Togo's leader Faure Gnassingbe should resign immediately and the African Union and West African regional bloc ECOWAS should persuade him to step down if he does not, Gambia's Foreign Minister Ousainou Darboe said.

Darboe's comments are an early sign that opinion is shifting against Gnassingbe who took power in 2005 on the death of his father who had ruled since 1967.
Togo is enduring a political crisis in which at least 10 people have been killed in protests since August.
"I think the African Union and ECOWAS should engage Togo and persuade the president to step down," Darboe told Reuters this weekend, adding that other countries need to step in. "When it goes against accepted norms I don't think it should be treated as an internal affair."

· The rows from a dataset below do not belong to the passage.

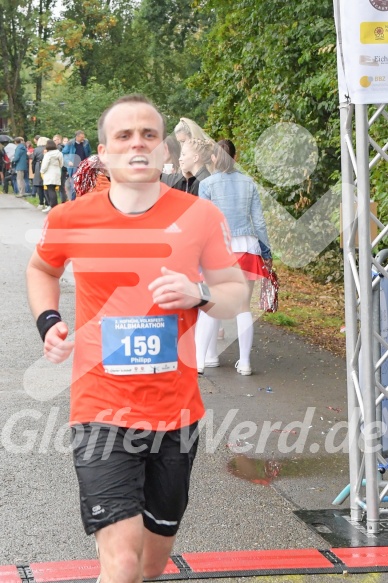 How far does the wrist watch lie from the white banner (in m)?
1.97

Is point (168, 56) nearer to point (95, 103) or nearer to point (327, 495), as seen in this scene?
point (95, 103)

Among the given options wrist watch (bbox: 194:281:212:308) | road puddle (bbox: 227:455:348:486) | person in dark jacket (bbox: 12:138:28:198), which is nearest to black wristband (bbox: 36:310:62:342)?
wrist watch (bbox: 194:281:212:308)

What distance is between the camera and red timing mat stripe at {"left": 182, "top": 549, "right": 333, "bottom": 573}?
4824 mm

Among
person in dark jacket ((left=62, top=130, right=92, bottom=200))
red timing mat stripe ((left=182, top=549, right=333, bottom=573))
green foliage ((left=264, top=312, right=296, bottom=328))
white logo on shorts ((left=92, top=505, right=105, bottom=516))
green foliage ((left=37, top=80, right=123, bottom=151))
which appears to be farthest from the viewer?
green foliage ((left=37, top=80, right=123, bottom=151))

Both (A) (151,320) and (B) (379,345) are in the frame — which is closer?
(A) (151,320)

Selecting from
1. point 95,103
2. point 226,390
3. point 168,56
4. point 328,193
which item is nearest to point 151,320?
point 226,390

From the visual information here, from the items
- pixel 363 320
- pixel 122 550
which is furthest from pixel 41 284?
pixel 363 320

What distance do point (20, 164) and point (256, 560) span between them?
27234 mm

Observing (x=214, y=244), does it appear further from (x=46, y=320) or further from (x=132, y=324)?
(x=46, y=320)

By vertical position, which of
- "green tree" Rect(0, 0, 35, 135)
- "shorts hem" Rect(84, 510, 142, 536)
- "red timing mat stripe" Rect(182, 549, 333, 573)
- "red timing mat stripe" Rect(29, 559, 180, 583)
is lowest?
"red timing mat stripe" Rect(182, 549, 333, 573)

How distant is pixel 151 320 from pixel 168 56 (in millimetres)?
50812

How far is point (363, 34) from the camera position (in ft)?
16.5

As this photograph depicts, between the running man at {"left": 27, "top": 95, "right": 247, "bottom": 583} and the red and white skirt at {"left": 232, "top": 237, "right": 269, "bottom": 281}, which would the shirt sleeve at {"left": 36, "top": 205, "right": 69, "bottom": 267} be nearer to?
the running man at {"left": 27, "top": 95, "right": 247, "bottom": 583}

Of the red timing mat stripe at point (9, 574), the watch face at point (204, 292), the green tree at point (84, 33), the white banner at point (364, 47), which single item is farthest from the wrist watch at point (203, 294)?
the green tree at point (84, 33)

Currently, Gambia and Togo are the only countries in the 15-nation ECOWAS bloc without time limits on mandates. ECOWAS sought to make this law across the region in 2015 but Togo and Gambia voted against it, although Gambia is now changing its constitution.

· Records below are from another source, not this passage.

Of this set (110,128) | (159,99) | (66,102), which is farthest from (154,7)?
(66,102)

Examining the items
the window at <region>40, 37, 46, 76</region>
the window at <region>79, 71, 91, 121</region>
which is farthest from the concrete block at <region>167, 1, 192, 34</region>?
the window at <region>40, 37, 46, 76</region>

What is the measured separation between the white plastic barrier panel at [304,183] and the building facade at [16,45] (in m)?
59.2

Gnassingbe is currently in his third term. Opponents have organised mass protests since August amid growing frustration over delays to constitutional reform and are seeking an end to his rule.
Security forces have repressed protests, firing on demonstrators, and raised the chances Gnassingbe could be toppled as a result of popular anger, as happened in Burkina Faso in 2014.

Togo's referndum

Criticism of Gnassingbe's government by foreign powers and other ECOWAS countries has so far been muted, perhaps because the Togolese leader holds the ECOWAS chairmanship until June 2018.
Darboe was the main opponent of former President Yahya Jammeh during his 22-year dictatorship which ended in January as ECOWAS troops marched into Gambia to uphold an election result.
He was imprisoned for most of last year for joining a protest for reform and said he thought talks with Gnassingbe should begin after Togo's planned referendum on term limits.
The Togolese measure, intended to quieten critics, has failed to appease the opposition who say that it would not be retroactive, meaning that Gnassingbe could stay until 2030. In a statement, the AU and ECOWAS have welcomed the proposed reforms, called for peace and encouraged dialogue.
Gambia's government plans a constitutional review to cap a president's tenure to just two four- or five-year terms among other reforms, Darboe said. "No national assembly should have the power to nullify that law as we've seen elsewhere in Africa," he said.